No pictures go in the copy. Restate, word for word, each line from the one containing "В Испании придумали" through the last line below.

• Data:

Start of Block

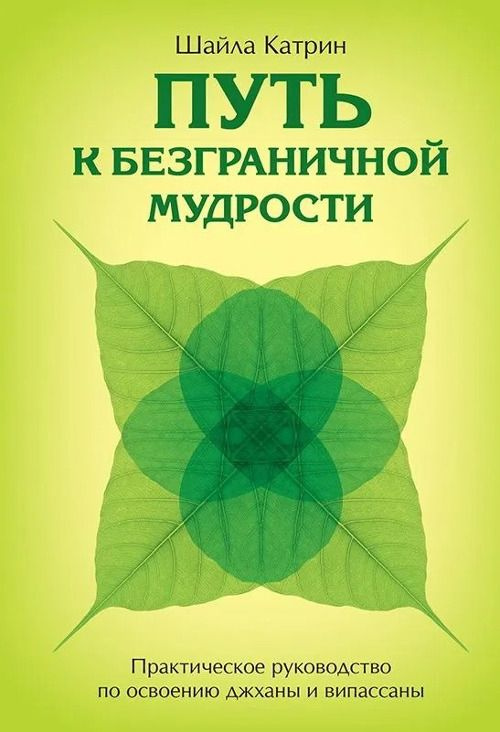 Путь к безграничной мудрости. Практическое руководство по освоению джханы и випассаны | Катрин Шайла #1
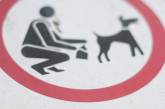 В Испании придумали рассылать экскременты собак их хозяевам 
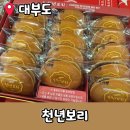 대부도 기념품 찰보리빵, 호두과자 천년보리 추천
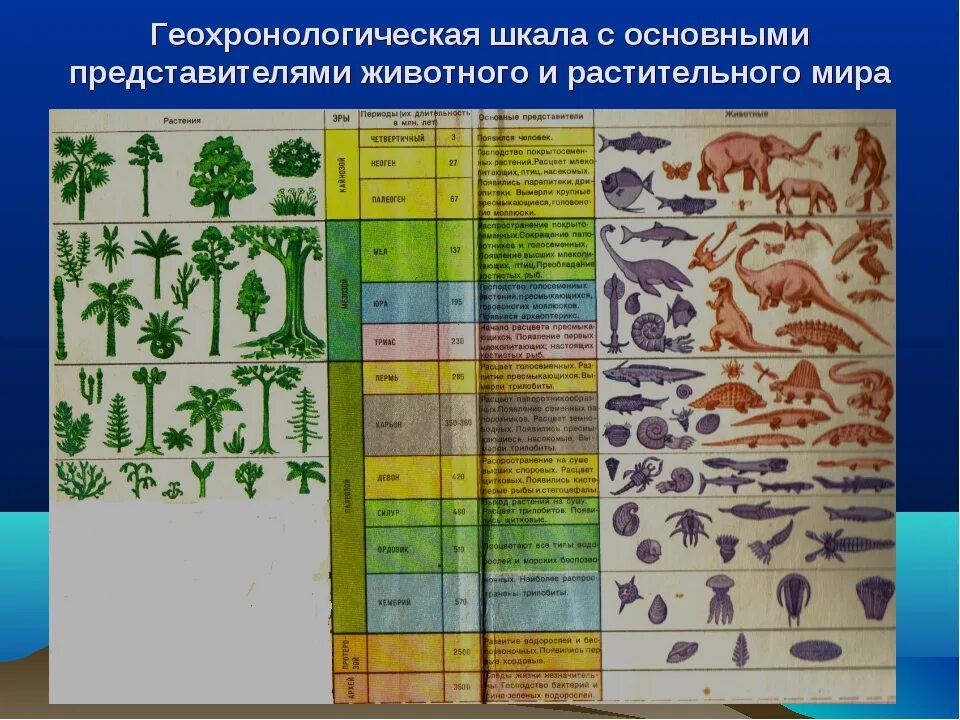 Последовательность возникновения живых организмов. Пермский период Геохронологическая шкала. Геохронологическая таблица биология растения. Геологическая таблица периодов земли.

End of Block

• Task solution:
 В Испании придумали рассылать экскременты собак их хозяевам 
 대부도 기념품 찰보리빵, 호두과자 천년보리 추천
 Последовательность возникновения живых организмов. Пермский период Геохронологическая шкала. Геохронологическая таблица биология растения. Геологическая таблица периодов земли.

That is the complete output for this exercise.